===== Material for the task

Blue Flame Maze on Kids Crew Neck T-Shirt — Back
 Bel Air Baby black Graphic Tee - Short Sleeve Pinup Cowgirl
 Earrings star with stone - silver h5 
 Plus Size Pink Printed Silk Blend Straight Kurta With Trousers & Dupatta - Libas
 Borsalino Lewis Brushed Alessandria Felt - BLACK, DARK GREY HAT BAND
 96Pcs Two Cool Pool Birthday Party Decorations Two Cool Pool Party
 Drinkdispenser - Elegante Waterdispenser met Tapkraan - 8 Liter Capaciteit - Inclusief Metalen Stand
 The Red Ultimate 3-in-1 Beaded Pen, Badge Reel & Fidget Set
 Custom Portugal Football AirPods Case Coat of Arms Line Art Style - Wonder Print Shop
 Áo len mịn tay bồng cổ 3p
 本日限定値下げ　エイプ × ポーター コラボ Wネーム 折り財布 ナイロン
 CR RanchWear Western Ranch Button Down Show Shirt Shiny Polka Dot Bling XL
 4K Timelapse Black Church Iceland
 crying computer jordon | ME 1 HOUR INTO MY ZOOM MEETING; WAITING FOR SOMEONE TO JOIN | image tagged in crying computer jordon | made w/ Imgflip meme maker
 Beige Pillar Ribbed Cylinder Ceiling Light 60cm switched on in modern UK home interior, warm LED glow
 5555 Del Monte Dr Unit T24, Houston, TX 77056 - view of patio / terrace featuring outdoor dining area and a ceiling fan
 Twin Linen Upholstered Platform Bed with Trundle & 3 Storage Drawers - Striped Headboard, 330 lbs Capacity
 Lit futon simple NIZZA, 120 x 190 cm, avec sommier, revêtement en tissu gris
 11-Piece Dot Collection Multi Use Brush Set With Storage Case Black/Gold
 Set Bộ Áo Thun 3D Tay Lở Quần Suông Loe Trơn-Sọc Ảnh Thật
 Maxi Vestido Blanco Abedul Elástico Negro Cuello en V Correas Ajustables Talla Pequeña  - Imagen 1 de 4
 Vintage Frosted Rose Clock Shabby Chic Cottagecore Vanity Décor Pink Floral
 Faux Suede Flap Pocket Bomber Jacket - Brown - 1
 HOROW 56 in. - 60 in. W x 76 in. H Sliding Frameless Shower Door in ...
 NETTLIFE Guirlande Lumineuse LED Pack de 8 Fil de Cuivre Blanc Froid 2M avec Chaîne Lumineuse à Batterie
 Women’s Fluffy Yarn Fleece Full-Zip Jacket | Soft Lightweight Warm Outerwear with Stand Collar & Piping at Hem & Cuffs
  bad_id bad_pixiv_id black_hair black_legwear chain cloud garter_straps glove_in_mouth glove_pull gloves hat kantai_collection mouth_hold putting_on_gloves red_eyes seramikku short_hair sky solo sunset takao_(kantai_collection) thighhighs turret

==========

Problem details –
Above are some records; copy exactly the lines from the one with "Set Bộ Áo Thun" through the one with "Faux Suede Flap", both included, and no others.

Exercise solution –
 Set Bộ Áo Thun 3D Tay Lở Quần Suông Loe Trơn-Sọc Ảnh Thật
 Maxi Vestido Blanco Abedul Elástico Negro Cuello en V Correas Ajustables Talla Pequeña  - Imagen 1 de 4
 Vintage Frosted Rose Clock Shabby Chic Cottagecore Vanity Décor Pink Floral
 Faux Suede Flap Pocket Bomber Jacket - Brown - 1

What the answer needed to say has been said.